##### Supplied material
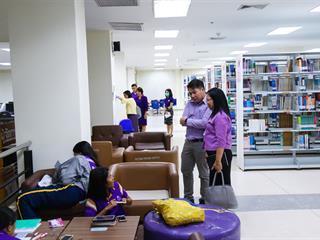 คณะผู้บริหารมหาวิทยาลัยพะเยา,ลงพื้นที่,SAFE,ZONE,,ศูนย์บรรณสารและสื่อการศึกษา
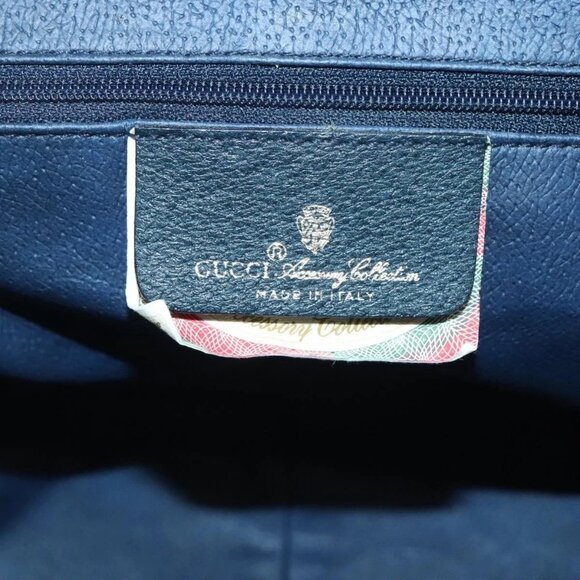 GUCCI Shoulder Bag PVC Leather Navy Gold 116 02 107 Auth ep9165 - Picture 12 of 16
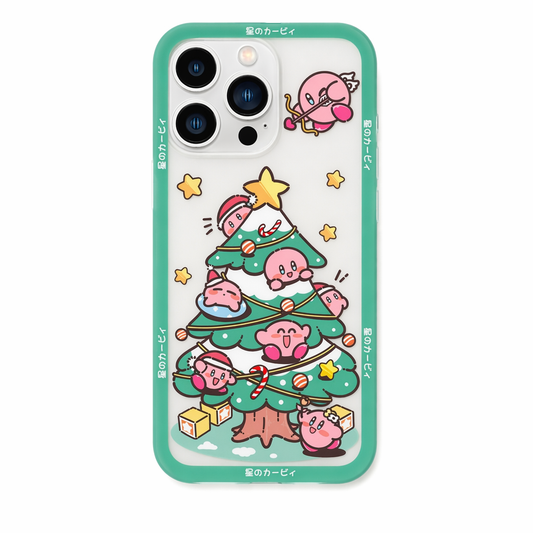 Kirby iPhone Case with Frosted Surface Green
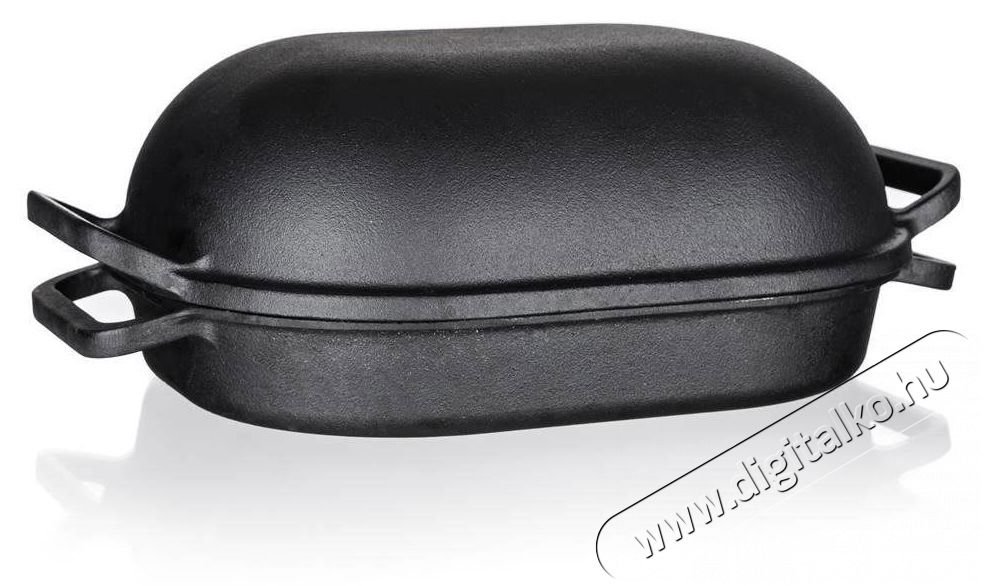 BANQUET &Ouml;nt&ouml;ttvas s&uuml;tőed&eacute;ny EXCELLENT 39 x 26 x 14 cm, 3 + 4 l, ov&aacute;lis, fedővel, fekete Konyhai term&eacute;kek - Ed&eacute;ny - S&uuml;tőed&eacute;ny / j&eacute;nai t&aacute;l - 523965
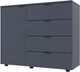 Комод Doros GС1 100х40х81.2 см Графит (41510069) - изображение 1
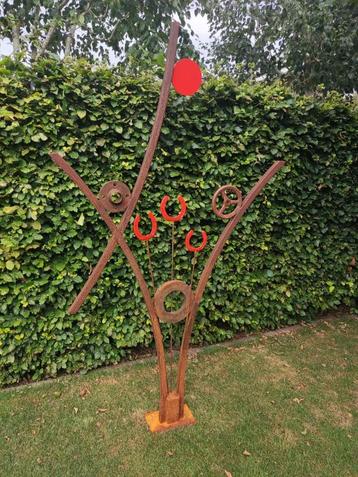 Kunstwerk Japan 3 met tulpen beschikbaar voor biedingen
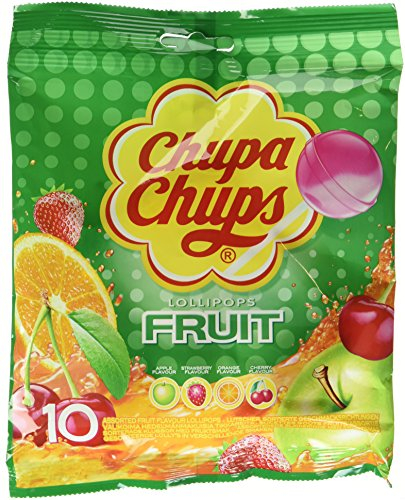 Chupa Chups Fruchtlutscher 10er Beutel, 6er Pack (6x 120 g)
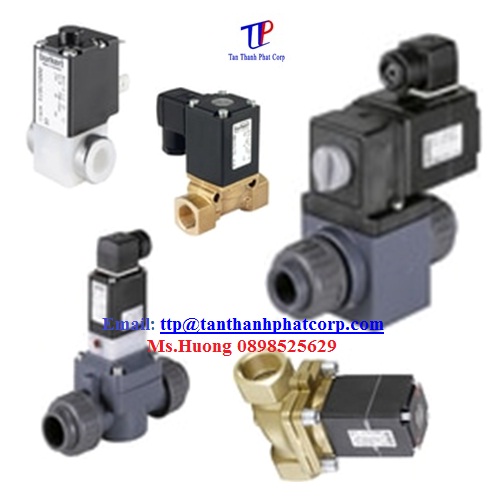 Van điện từ Burkert – van 2/2 solenoids  - Ttp Corp đại lý phân phối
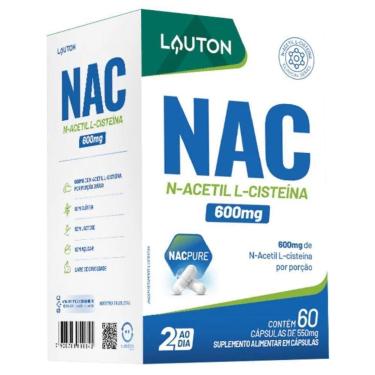 Imagem de Nac N Acetil L Cisteina 600Mg 60Caps - Lauton-Unissex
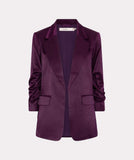 Blazer 3/4 length sleeve shiny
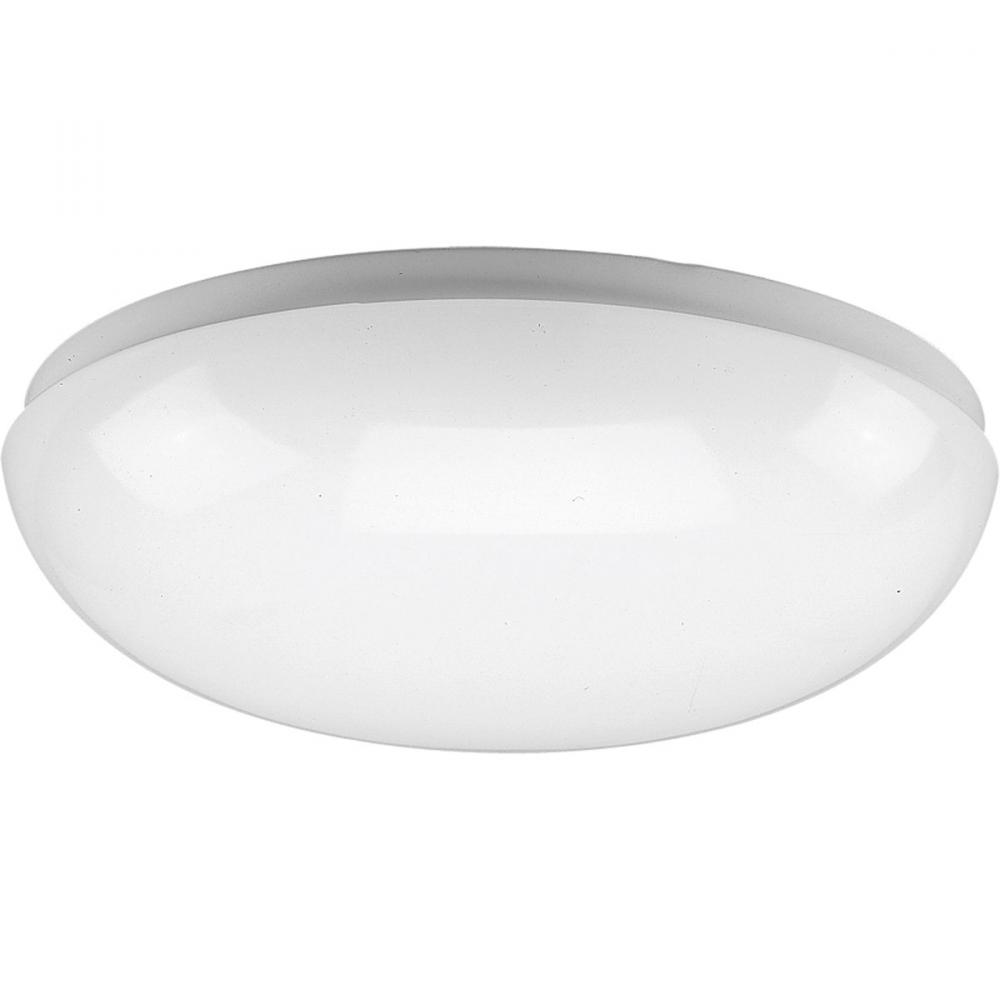 One-Light 11" Round Cloud CFL Close-to-Ceiling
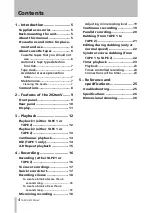 Preview for 4 page of Tascam 202mkV Owner'S Manual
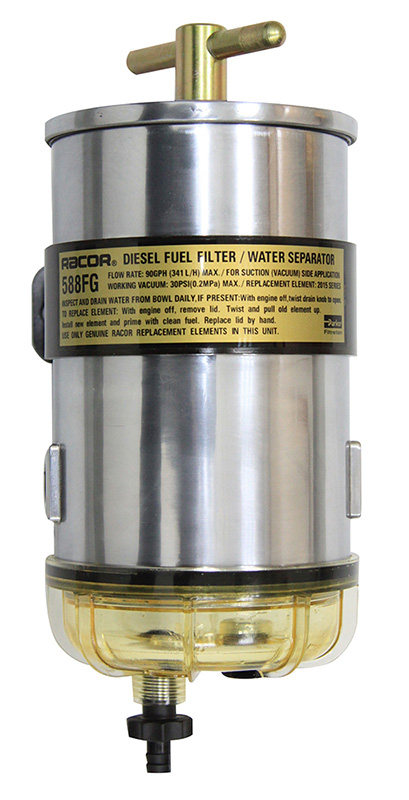 30微米Parker Racor派克涡轮系列588FG燃油柴油滤清器滤芯油水分离器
##########
• [About this exercise]
Would you print, exactly as they appear, the lines from the line with "Cloud CFL Close-to-Ceiling" through the end of the entries above, leaving out the pictures?

• [Answer below]
 One-Light 11" Round Cloud CFL Close-to-Ceiling
 Preview for 4 page of Tascam 202mkV Owner'S Manual
 30微米Parker Racor派克涡轮系列588FG燃油柴油滤清器滤芯油水分离器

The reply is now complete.